Recently there has been a resurgence of debate about a minor aspect of Rwanda’s political history, the death of former president, Juvenal Habyarimana.
This debate puzzles many who take more than simply a fleeting interest in Rwanda’s history — because it seems to elevate Habyarimana’s death to the status of an historical event worthy of special attention.
Yet it was but one death among the hundreds of thousands that occurred before and after his plane was shot down, many, if not all of them, a direct result of the sectarian politics and policies that he and like-minded post-colonial political elites practised for more than 30 years.
Equally puzzling is the amount of newspaper space and broadcast airtime taken up by expert analyses, some of them recycled, of what any new angle to the controversy may imply for the current government of Rwanda and its officials, some of whom stand accused of being the brains and hands behind the killing.
This discussion is informed mainly by the fact that the crew of the plane in which he died consisted of foreign nationals, French citizens to be precise.

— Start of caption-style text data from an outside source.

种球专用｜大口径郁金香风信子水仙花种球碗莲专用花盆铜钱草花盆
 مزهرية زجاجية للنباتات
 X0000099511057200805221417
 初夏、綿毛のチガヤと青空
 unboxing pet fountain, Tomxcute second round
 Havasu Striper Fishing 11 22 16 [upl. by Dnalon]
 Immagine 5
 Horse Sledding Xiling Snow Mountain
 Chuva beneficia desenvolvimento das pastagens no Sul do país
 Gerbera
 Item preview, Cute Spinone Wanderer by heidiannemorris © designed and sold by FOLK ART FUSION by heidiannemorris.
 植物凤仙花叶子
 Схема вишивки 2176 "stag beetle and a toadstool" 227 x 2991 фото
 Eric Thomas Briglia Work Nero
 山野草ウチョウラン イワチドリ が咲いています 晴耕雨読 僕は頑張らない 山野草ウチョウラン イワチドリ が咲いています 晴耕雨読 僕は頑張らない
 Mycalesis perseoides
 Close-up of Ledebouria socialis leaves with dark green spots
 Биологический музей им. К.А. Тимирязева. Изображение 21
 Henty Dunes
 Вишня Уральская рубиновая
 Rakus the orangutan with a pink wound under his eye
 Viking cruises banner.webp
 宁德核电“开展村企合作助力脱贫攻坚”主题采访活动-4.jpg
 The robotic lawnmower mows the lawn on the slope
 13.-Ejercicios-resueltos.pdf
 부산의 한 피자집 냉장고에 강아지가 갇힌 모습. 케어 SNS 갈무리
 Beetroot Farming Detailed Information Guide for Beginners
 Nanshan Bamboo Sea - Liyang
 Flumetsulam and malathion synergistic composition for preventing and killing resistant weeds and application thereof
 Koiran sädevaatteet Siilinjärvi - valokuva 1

Their families are bent on pursuing the matter through their public institutions including the courts, the same courts that have persistently blocked the extradition to Rwanda of fugitives accused of participating in the planning of the genocide and the elimination of Habyarimana’s political opponents and their supporters, regardless of their ethnicity.
It is as if to suggest that the families of Rwandan victims were not as deserving of justice.
Pre-genocide evils
There is also a view within some quarters that the question of who shot down Habyarimana’s plane derives its importance from the link between that single incident and the beginning of the genocide.